1.0 Network Traffic Control
Computer network traffic is the data moving across the network at a given time. Network bandwidth is the maximum amount of data that can be transmitted over the network in unit time. Computer networks face the possibility of network congestion, where excessive data is trying to pass through the network and there might be delays in packet transmission, packet loss, blocking of new connections and, in general, a degraded quality of service. Network traffic control is the process of regulating network traffic so as to reduce network congestion, latency and packet loss.
The term Quality of Service (QoS) generally means overall performance of a service as perceived by the users of the service. Certain predefined parameters are measured in real time to arrive at a quantitative measure of the quality of service. In computer networking, quality of service refers to traffic prioritization and resource reservation rather than the overall performance quality achieved for the service. Quality of service in packet switched networks involves providing different priorities to users or data flows and ensuring a certain level of performance for a data flow. QoS can be implemented using the tc command in Linux.
2.0 Queues
The incoming and outgoing packets are queued before these are received or transmitted respectively. The queue for incoming packets is known as the ingress queue. Similarly, the queue for outgoing packets is called the egress queue. We have more control over the egress queue as it has packets generated by our host. We can re-order these packets in the queue, effectively favoring some packets over the rest. The ip -s link command gives the queue capacity (qlen) in number of packets. If the queue is full and more packets come; they are discarded and are not transmitted. The ingress queue has packets which have been sent to us by other hosts. We can not reorder them; the only thing we can do is to drop some packets, indicating network congestion by not sending the TCP ACK to the sending host. The sending host gets the hint and slows down transmission of packets to us. For UDP packets, this does not work. If UDP packets are dropped, they are simply lost as there is no ACK and re-transmission.
3.0 TRAFFIC CONTROL ELEMENTS
3.1 SHAPING
Shaping involves delaying the transmission of packets to meet a certain data rate. This is the way we ensure that the output data rate does not exceed the desired value. Shapers can also smooth out the bursts in traffic. Shaping is done at egress.
3.2 SCHEDULING
Scheduling is deciding which packet would be transmitted next. This is done by rearranging the packets in the queue.
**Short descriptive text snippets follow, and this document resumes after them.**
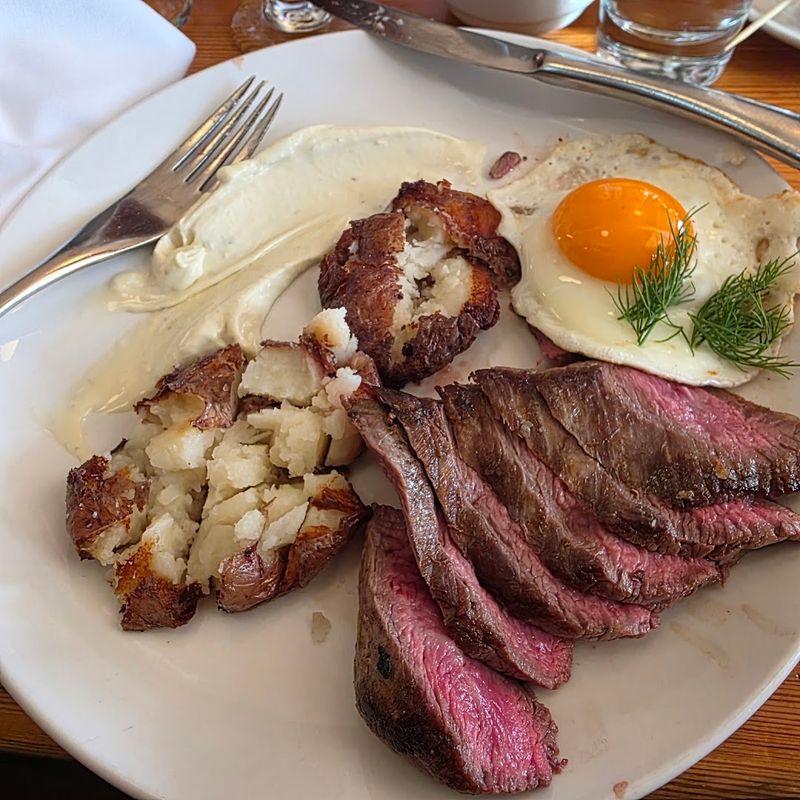 Steak And Eggs: A Hearty Breakfast Done Right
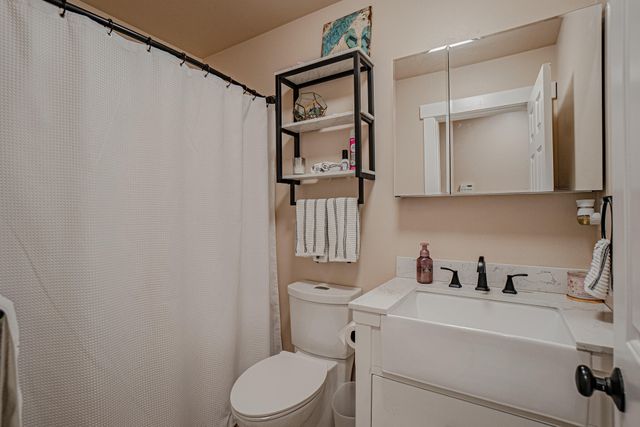 1027 Chevney Way, Shady Cove, OR 97539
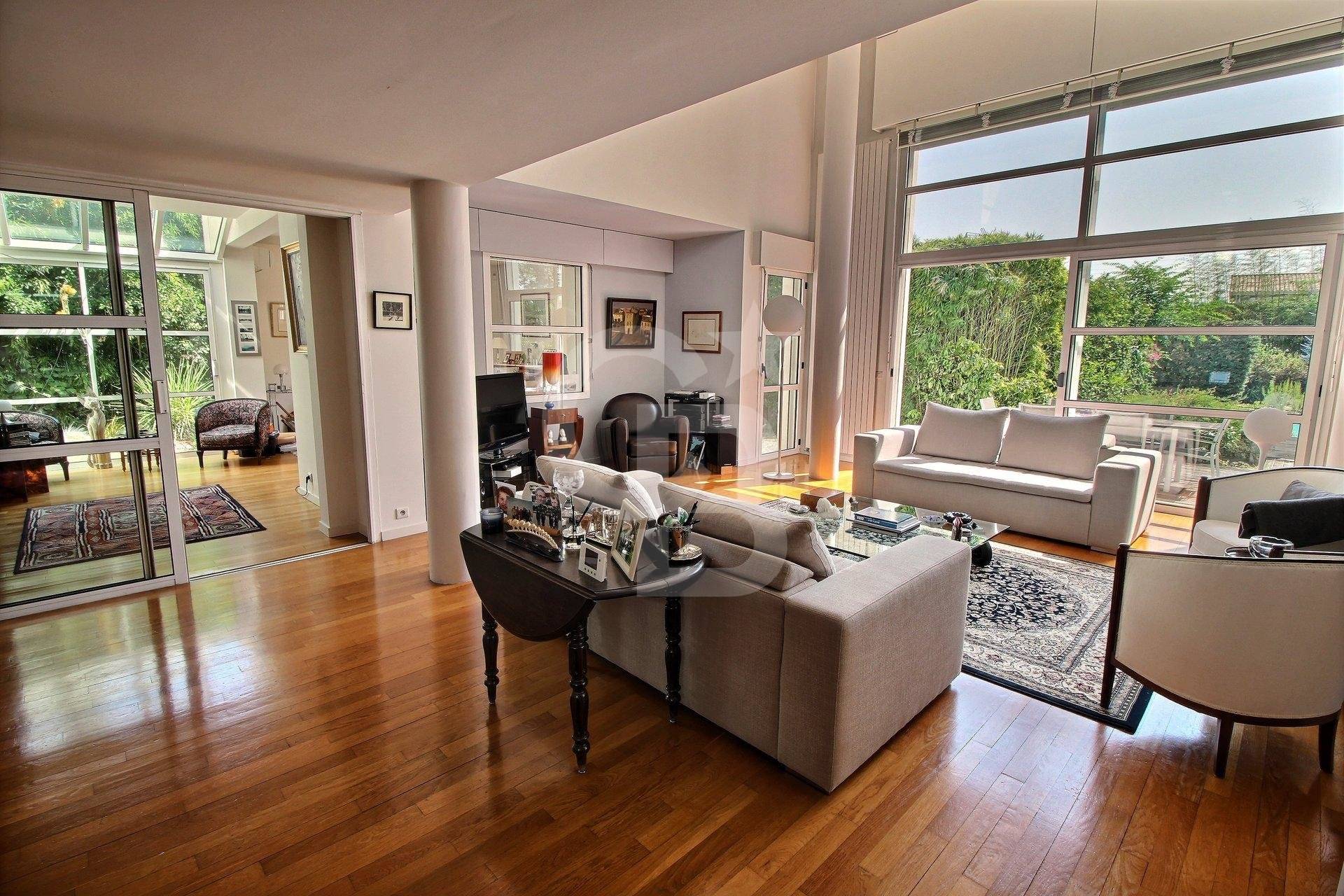 Acheter spacieuse villa d'architecte avec grand terrain et piscine BORDEAUX CAUDERAN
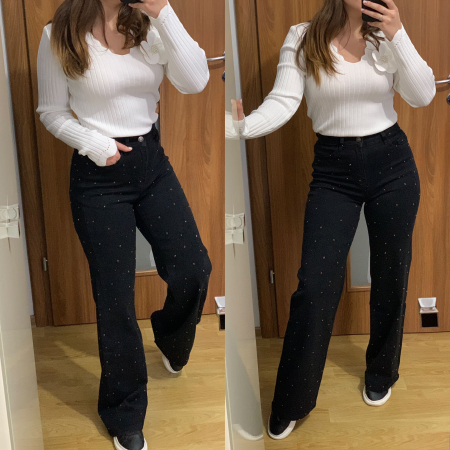 Set blugi negri evazati elastici cu pietricele+ bluza alba cu floare detasabila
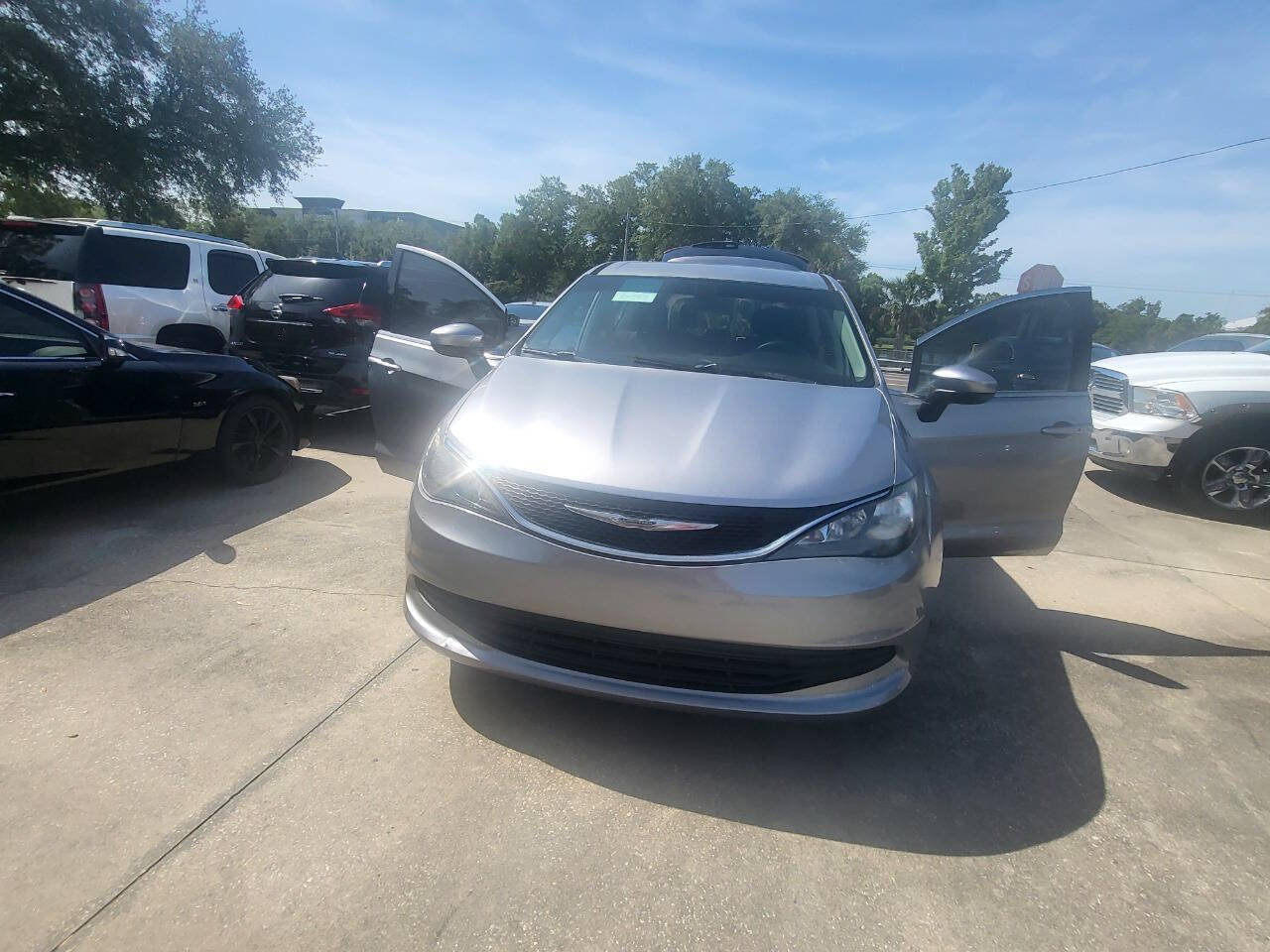 Used 2017 Chrysler Pacifica Touring w/ Tire & Wheel Group FWD image 89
The objectives are to provide a quick response for interactive applications and also to provide adequate bandwidth for bulk transfers like downloads initiated by remote hosts. Scheduling is done at egress.
3.3 POLICING
Policing is measuring the packets received on an interface and limiting these to a particular value. The packets might be reclassified or dropped. Policing is done at ingress.
3.4 DROPPING
After the traffics exceeds a predefined value, the packets are simply dropped. This is done both at the ingress and the egress.
4.0 TRAFFIC CONTROL COMPONENTS
4.1 qdiscs
qdisc is an abbreviation for Queue Discipline. A qdisc is the packet scheduling code that is attached to a network interface. qdiscs are implemented as modules, which are inserted in the kernel at the run time. A qdisc can drop, forward, queue, delay or re-order packets at a network interface. tc is a user space program for managing qdiscs for network interfaces. The other terms used for qdisc are Packet Scheduler, queuing algorithm and the packet scheduler algorithm.
The kernel sends (en-queues) packets received on an network interface to a qdisc. Similarly, the kernel takes (de-queues) packets from a qdisc for transmission on a network interface.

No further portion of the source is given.